Neste tipo de entradas é mais complicado as trovoadas chegarem mais ao Interior, aqui para Bragança é muito improvável haver trovoadas com este evento, nem estou à espera disso  

--------------------------------------------------------

Vai chovendo por aqui, agora mais fraco, o nosso companheiro *Z13* amealhou até ao momento 3mm , a estação da ESA-IPB que me serve habitualmente de referência está off ...


----------



## ricardop120 (18 Out 2013 às 23:53)

MSantos disse:


> Está frio ai, provavelmente querias dizer 19ºC certo?



ya pois é  era 19ºC... faill


----------



## ricardop120 (18 Out 2013 às 23:58)

acabou de cair um valente aguaceiro forte por aqui... agora tudo bem mais calmo, sigo com 16.6ºC


----------



## Mr.
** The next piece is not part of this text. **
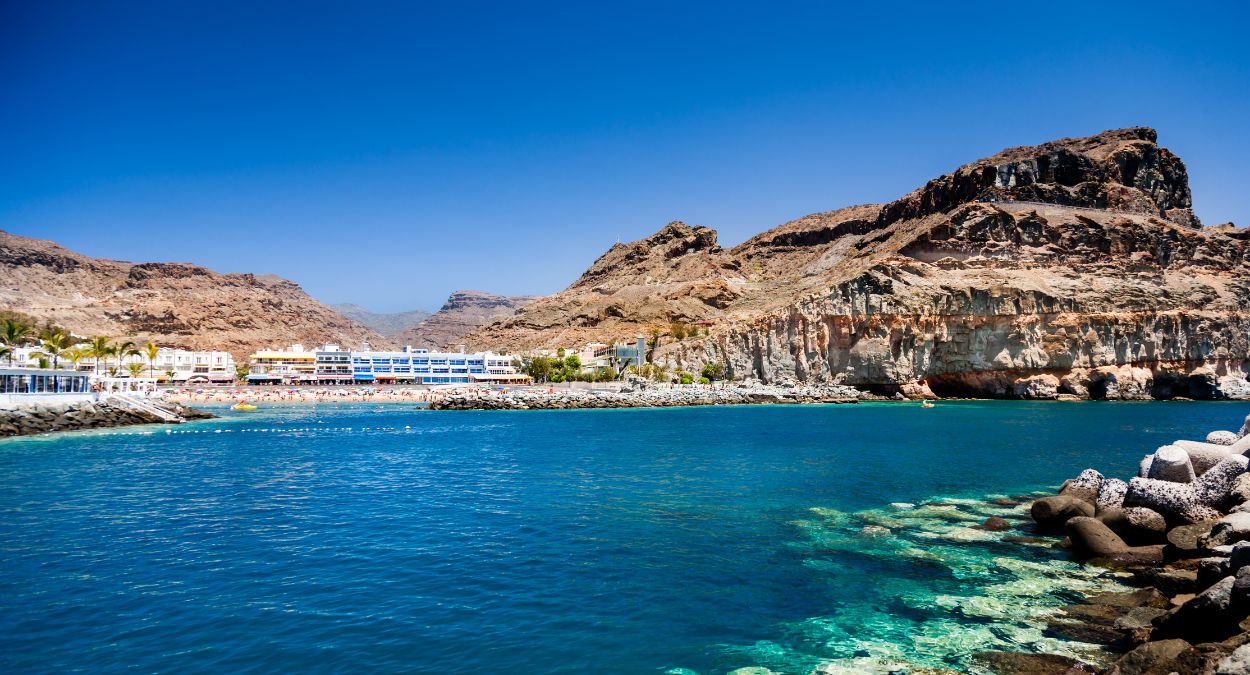 Ilhas Canárias (imagem: Canva)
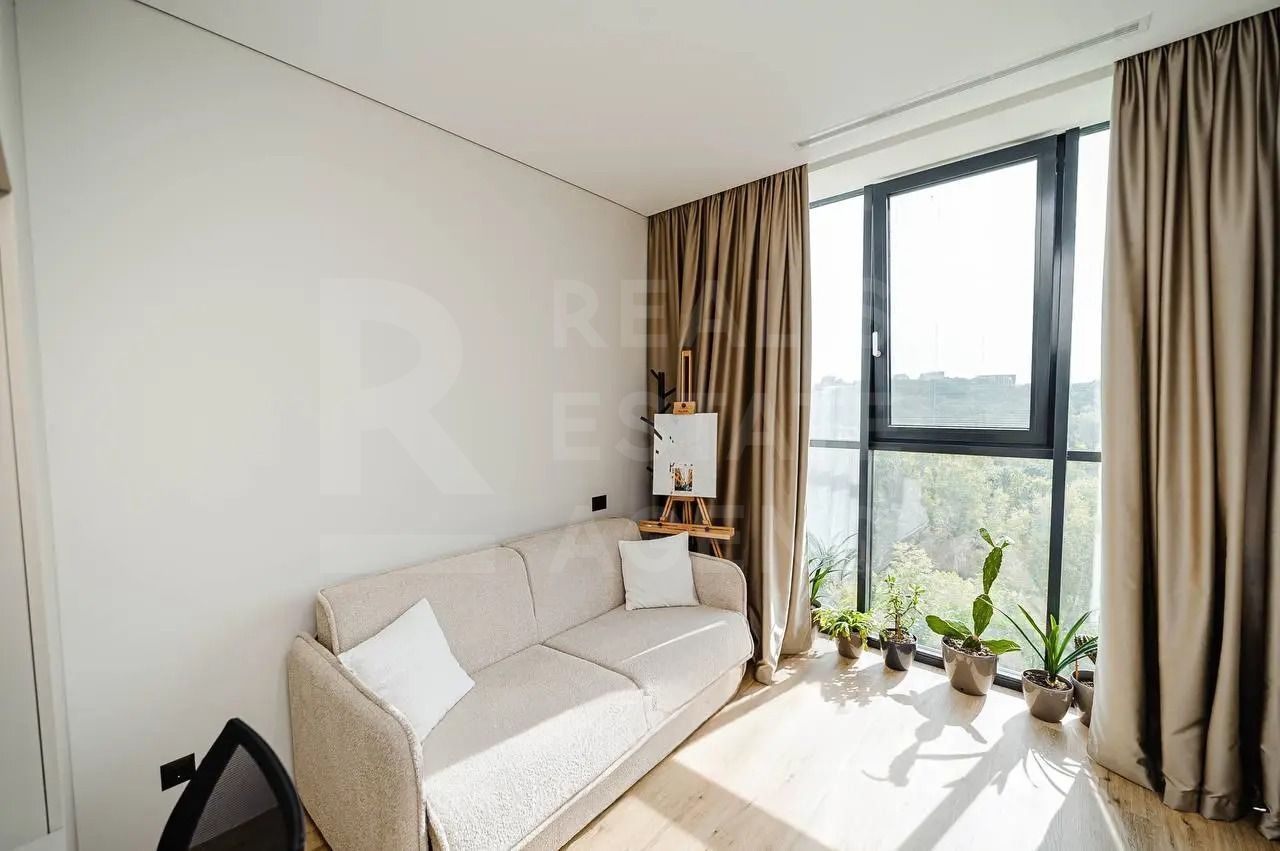 Chirie, apartament, 2 camere, bul. Ștefan cel Mare, Centru - Poză 4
Neves (19 Out 2013 às 00:04)

Chuva moderada e 16.4ºc. Ainda pensei que a célula de Lisboa aqui chegasse, mas parece estar a deslocar-se para Castelo Branco.


----------



## MSantos (19 Out 2013 às 00:12)

ricardop120 disse:


> ya pois é  era 19ºC... faill




Acontece aos melhores 

---------------------------------------------------------------------------------

Em Bragança continua a chover mas agora com menos intensidade, veremos os acumulados que se alcançam durante a noite! 

Este é o meu ultimo post neste seguimento durante os próximos dias, amanha rumo ao Ribatejo.


----------



## PedroAfonso (19 Out 2013 às 01:03)

Trovoada aqui na Covilhã. Fez um flash audível há coisa de 2 minutos mas até agora mais nada.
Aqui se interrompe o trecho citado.